Yes me. I'm sick and feeling very sorry for myself. It is Monday morning, first day of school holidays and I have taken the day off. I started feeling off on Friday, spent Saturday telling myself it was just a cold and I'd stop being a wos. Felt better by late afternoon and in the evening we went to Helen and Phil for supper as arranged. Had a nice time (good food, Phil made the most yummy gateaux I have ever tasted, and good company, the very best way to spend an evening) but ended up sniveling through the whole evening and feeling more yuk as time went on. In fact I felt quite guilty inflicting my germs on them all and will be phoning in a few days to check no-one has got sick. On Sunday I went from feeling poorly to feeling down right ill by mid afternoon. I ached, was shivery, had abdo. pains and was wishing the day away. We had gone to bed at 1.30am (for why will follow) and was awake at 5.30am. At 1pm I thought it must be at least 4pm and, despite a sleep on the sofa, the day dragged terribly.
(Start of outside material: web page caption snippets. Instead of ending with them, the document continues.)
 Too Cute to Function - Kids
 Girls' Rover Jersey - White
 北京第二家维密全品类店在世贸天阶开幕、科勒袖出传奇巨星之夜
I fitted being ill around other things over the weekend. Tried to go and plant potatoes on Saturday (had done the digging in the week so it was literally just planting), had to rest several times and gave up half way through as I was so exhausted. Alice came to help. She obviously found it more arduous than I did - poor Alice does not do physical anything! Mid afternoon had a phone call from a friend saying they were in the midst of a family crisis and could she and 3 children come and park in the flat overnight. They arrived when we were at Helen and Phils and hence the 1.30am bedtime. (I took a Sudafed when we got home and soon felt better.) Fed 8 for breakfast and then hit the sofa for the rest of the day. By now Alice is going downhill with a cold and one of the visiting children was also sniffling and coughing. Talk about the house of plague! I was about to doze on one sofa with Alice wrapped on the other one when she said that Bridget was here. She was out on the pool deck talking to Eric who is lovingly restoring the pool water to a swimmable state (you remember how precious he is about this Carol!). They came in for tea and try as I might I could not stay awake so poor Bridget spent her few hours here chatting to Eric and the girls while I slept!! Sorry Bridget!
Phoned Mom and Daddy for a long chat on Sat am (that's why you couldn't get through Cheryl) and Alice phoned Katie as we had missed her birthday in the week. Katie dropped the phone and cut them off so we phoned back. She then cut them off again and I thought that was enough in overseas calls. Shame as I was really hoping to talk to Helen.
Spoke to Juliet this week. Have been feeling very guilty that I hadn't phoned for 10 days. They seem to be more accepting of the situation and Juliet certainly seemed less stressed. Poor Kev is going do-laley being at home all day. It has been 5 weeks now. I do hope they come right soon.
Bright blue skies outside and I am stuck in here! I may try and potter planting some seeds into trays later today but that will be my limit I think. Time for a snooze now.
One bright thing, Linda Clark is back this morning. Couldn't get used to Linda Berry (or is it Barry). No, not one but lots of bright things; Eric and I are happily married and plan on staying that way forever, we have stable jobs and I need never be unemployed (save breaking a leg or some such thing), we have healthy, happy (well if you ignore hormones!) children who despite all I say, we love totally and we live in a beautiful country and have a fabulous lifestyle.... and very dear friends, even if some of you are the other side of the world. Life is good.